Switzerland — Colombia
El BC Place se quedó en silencio, no por la sorpresa, sino por el agotamiento puro. Suiza y Colombia jugaron 120 minutos, anotaron cero goles y se van a la tanda de penaltis. Pero esta noche en Vancouver presenta una paradoja: el marcador es el mismo, pero el juego fue completamente diferente para ambos equipos.
Empecemos con los números que no mienten. Colombia: xG 1.03, dos grandes oportunidades, ambas falladas. Suiza: xG 0.35, ni una sola ocasión realmente peligrosa. El marcador dice "empate", los números dicen "Colombia debería haber ganado". Aquí está el primer interrogante abierto de este partido: ¿cómo llegó Suiza a la tanda de penaltis?
La respuesta es Gregor Kobel. Una calificación de 9.07, tres paradas, y esto no es una casualidad estadística, es un portero que en el momento decisivo estaba exactamente donde tenía que estar. Los colombianos una y otra vez encontraban posiciones, una y otra vez se topaban con él. Esta es la pared que no se puede romper solo con un buen juego.
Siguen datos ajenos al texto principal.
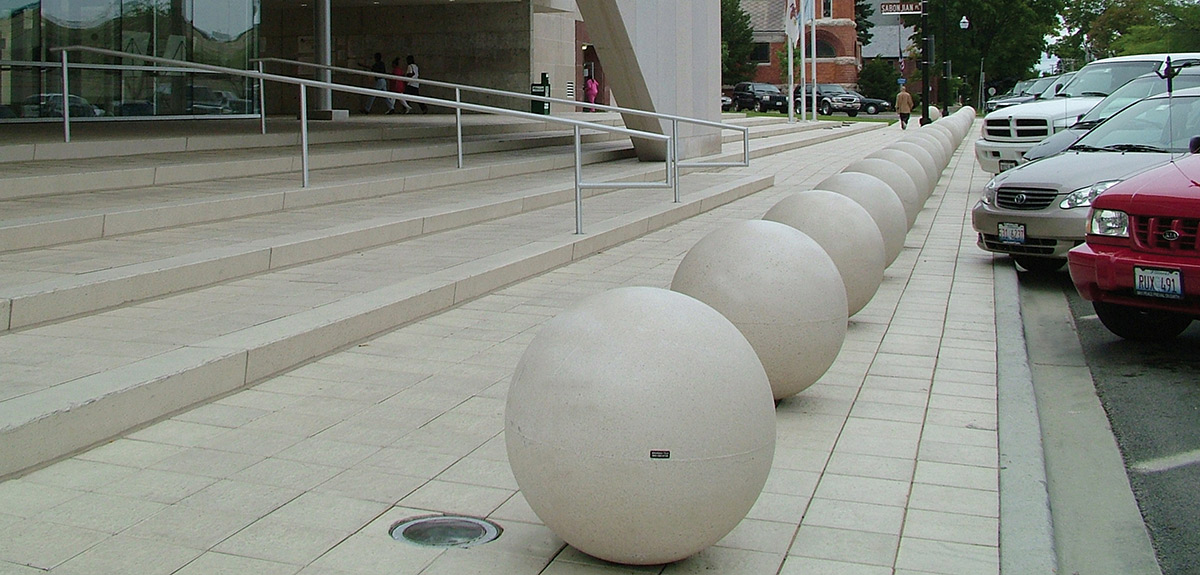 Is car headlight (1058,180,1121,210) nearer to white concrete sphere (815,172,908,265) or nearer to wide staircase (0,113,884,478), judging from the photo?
white concrete sphere (815,172,908,265)

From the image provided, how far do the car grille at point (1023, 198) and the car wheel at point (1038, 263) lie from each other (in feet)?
2.52

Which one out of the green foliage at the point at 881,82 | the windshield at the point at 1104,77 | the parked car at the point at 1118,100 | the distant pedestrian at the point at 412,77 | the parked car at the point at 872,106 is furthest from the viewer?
the green foliage at the point at 881,82

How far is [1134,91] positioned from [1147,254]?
416 inches

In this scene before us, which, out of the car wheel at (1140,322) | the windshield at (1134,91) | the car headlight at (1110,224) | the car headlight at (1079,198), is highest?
the windshield at (1134,91)

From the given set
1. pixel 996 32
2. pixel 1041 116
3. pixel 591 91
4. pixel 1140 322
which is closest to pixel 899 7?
pixel 591 91

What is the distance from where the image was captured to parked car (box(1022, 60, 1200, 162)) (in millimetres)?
16484

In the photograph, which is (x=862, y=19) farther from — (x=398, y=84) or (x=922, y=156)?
(x=922, y=156)

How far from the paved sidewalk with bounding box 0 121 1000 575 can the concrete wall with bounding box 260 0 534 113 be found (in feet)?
82.1

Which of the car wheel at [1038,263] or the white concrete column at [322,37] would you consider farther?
the white concrete column at [322,37]

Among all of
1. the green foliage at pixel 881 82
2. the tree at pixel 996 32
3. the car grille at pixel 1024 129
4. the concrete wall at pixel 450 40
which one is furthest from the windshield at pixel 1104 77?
the green foliage at pixel 881 82

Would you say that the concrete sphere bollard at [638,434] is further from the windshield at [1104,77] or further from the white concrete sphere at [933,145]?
the windshield at [1104,77]

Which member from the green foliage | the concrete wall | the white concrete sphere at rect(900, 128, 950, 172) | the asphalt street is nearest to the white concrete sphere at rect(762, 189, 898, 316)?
the asphalt street

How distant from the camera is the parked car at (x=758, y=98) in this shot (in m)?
72.5

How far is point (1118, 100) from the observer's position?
697 inches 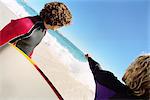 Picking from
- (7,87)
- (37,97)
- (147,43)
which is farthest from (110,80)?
(7,87)

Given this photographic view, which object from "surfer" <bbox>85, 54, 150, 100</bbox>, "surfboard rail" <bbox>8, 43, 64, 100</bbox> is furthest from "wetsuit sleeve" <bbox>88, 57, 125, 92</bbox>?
"surfboard rail" <bbox>8, 43, 64, 100</bbox>

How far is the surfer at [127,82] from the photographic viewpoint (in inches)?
68.6

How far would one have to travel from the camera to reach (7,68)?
1875 mm

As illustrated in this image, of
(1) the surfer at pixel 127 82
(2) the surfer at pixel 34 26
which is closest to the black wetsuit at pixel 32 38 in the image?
(2) the surfer at pixel 34 26

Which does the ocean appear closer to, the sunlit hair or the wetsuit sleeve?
the wetsuit sleeve

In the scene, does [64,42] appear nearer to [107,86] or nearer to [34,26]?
[34,26]

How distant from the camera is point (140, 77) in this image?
1735 millimetres

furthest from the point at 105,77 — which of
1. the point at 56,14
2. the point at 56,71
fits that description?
the point at 56,14

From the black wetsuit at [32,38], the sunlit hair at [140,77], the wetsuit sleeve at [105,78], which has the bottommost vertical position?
the sunlit hair at [140,77]

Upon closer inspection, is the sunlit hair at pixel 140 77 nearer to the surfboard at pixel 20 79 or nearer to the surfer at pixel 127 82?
the surfer at pixel 127 82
Los suizos, por su parte, se complicaron la vida. 22 faltas no es solo un número, es un carácter: nervioso, reactivo, siempre persiguiendo al oponente. Granit Xhaka recibió una amarilla en el minuto 51, Zakaria en el 59, y al final ambos fueron retirados en el 87. La disciplina en el mediocampo fue el principal agujero de Suiza en la segunda mitad, cuando la posesión aumentó al 57%, pero la calidad no mejoró.
Colombia en la primera mitad se veía confiada: 51% de posesión, 7 córneres en el partido, presión constante por las bandas. Johan Mojica por la izquierda estaba vivo, su calificación de 7.93 no es casualidad. Pero dos grandes oportunidades falladas son una sentencia de muerte para la eficacia. Cuando James Rodríguez se fue en el minuto 66, el equipo perdió el centro de gravedad en la creación. Juan Fernando Quintero entró, añadió energía (7.97), pero la maquinaria colombiana ya no funcionaba tan limpiamente.
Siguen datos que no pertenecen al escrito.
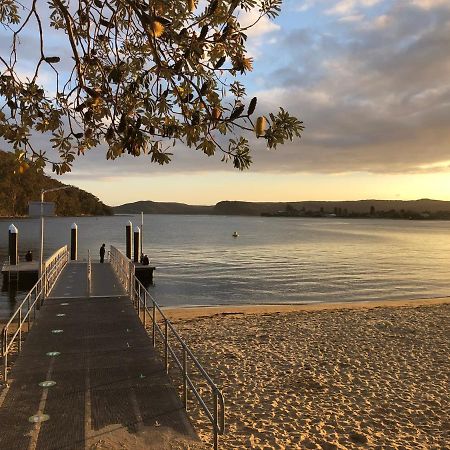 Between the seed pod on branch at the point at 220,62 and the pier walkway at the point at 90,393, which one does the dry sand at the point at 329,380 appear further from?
the seed pod on branch at the point at 220,62

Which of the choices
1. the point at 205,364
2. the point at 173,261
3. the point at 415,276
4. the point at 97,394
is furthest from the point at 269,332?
the point at 173,261

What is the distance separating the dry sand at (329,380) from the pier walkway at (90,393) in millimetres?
1306

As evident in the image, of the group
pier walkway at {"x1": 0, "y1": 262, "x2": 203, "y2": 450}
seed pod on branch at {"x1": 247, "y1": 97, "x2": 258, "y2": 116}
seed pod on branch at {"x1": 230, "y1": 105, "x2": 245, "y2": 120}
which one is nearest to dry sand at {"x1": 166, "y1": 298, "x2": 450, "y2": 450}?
pier walkway at {"x1": 0, "y1": 262, "x2": 203, "y2": 450}

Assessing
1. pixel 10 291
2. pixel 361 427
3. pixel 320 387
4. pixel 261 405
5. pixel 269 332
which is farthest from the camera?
pixel 10 291

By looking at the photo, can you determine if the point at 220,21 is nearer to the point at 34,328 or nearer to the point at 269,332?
the point at 34,328

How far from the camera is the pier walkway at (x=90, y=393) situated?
18.8 ft

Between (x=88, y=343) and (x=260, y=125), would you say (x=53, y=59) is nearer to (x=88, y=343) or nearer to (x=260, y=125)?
(x=260, y=125)

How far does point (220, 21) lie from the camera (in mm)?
4035

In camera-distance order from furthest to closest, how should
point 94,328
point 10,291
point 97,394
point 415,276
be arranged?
point 415,276 → point 10,291 → point 94,328 → point 97,394

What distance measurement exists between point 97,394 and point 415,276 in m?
38.5

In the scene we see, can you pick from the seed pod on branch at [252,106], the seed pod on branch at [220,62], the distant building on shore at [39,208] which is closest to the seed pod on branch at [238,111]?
the seed pod on branch at [252,106]

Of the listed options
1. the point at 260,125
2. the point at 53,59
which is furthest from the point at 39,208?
the point at 260,125

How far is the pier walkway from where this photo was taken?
18.8 feet

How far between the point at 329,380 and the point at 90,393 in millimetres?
5652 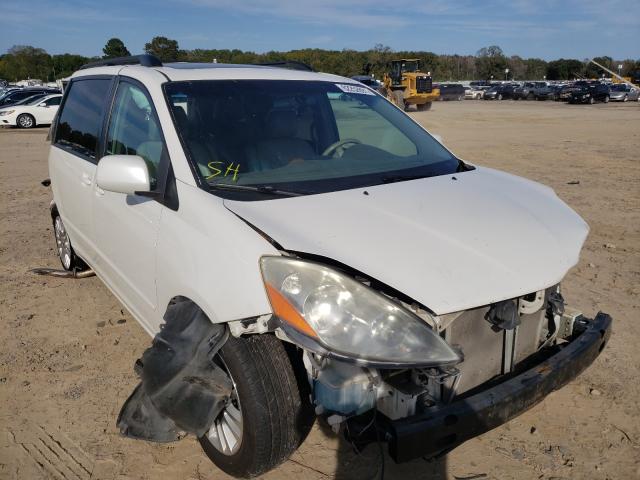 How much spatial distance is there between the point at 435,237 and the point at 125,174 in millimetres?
1506

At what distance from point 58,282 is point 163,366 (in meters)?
3.20

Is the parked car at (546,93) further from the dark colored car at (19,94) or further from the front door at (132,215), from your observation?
the front door at (132,215)

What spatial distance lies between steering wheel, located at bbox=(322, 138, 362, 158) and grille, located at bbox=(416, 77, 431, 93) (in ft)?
104

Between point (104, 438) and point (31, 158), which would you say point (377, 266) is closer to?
point (104, 438)

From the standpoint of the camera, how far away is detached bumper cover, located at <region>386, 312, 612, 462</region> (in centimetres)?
208

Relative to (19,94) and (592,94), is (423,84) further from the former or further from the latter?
(19,94)

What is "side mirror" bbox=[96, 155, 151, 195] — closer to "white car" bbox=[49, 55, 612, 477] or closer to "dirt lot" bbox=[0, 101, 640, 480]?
"white car" bbox=[49, 55, 612, 477]

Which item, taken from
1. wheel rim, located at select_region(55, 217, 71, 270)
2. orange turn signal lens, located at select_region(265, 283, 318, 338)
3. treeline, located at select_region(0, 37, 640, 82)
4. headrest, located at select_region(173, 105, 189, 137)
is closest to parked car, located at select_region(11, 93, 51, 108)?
wheel rim, located at select_region(55, 217, 71, 270)

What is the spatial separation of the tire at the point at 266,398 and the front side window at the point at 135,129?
1.07 m

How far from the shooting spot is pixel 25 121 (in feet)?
75.0

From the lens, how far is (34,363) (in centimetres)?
374

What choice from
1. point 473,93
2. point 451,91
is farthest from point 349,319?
point 473,93

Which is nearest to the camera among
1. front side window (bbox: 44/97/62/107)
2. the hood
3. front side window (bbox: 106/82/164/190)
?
the hood

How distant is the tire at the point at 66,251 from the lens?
5086 millimetres
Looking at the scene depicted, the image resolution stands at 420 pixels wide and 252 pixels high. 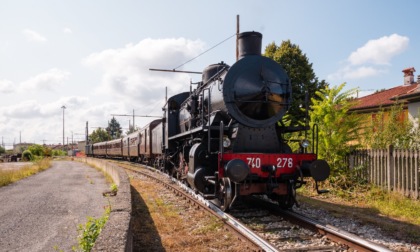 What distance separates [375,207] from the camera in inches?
331

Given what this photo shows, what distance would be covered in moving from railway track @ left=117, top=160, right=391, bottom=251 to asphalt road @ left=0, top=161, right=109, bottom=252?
8.92 ft

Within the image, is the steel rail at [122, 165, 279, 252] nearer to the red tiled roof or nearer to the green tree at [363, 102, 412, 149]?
the green tree at [363, 102, 412, 149]

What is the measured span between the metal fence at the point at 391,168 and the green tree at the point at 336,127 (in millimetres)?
431

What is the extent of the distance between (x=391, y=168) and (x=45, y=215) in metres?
8.89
En el minuto 40, el VAR revisó un incidente con Jhon Arias; los detalles son desconocidos, pero se tomó una decisión. Son estos momentos en los playoffs los que se discuten durante meses: ¿correcto o no? Juzguen ustedes mismos.
En el tiempo añadido: amarillas para Davinson Sánchez (95') y Miro Muheim (105'). Nervios. Cansancio. Ronda eliminatoria.
En resumen: Suiza sobrevivió no por su juego, sino por su portero y su carácter. Colombia jugó mejor, pero no sentenció el partido cuando pudo. En FootLegend, nadie te quitará los goles de tu país, y aquí simplemente nadie los tuvo.
Preguntas para el debate: ¿Es Kobel el mejor portero del torneo en esta etapa, o simplemente una noche de suerte? Y la segunda: ¿Debería Bielsa haber sacado a Rodríguez antes, mientras aún controlaba el juego?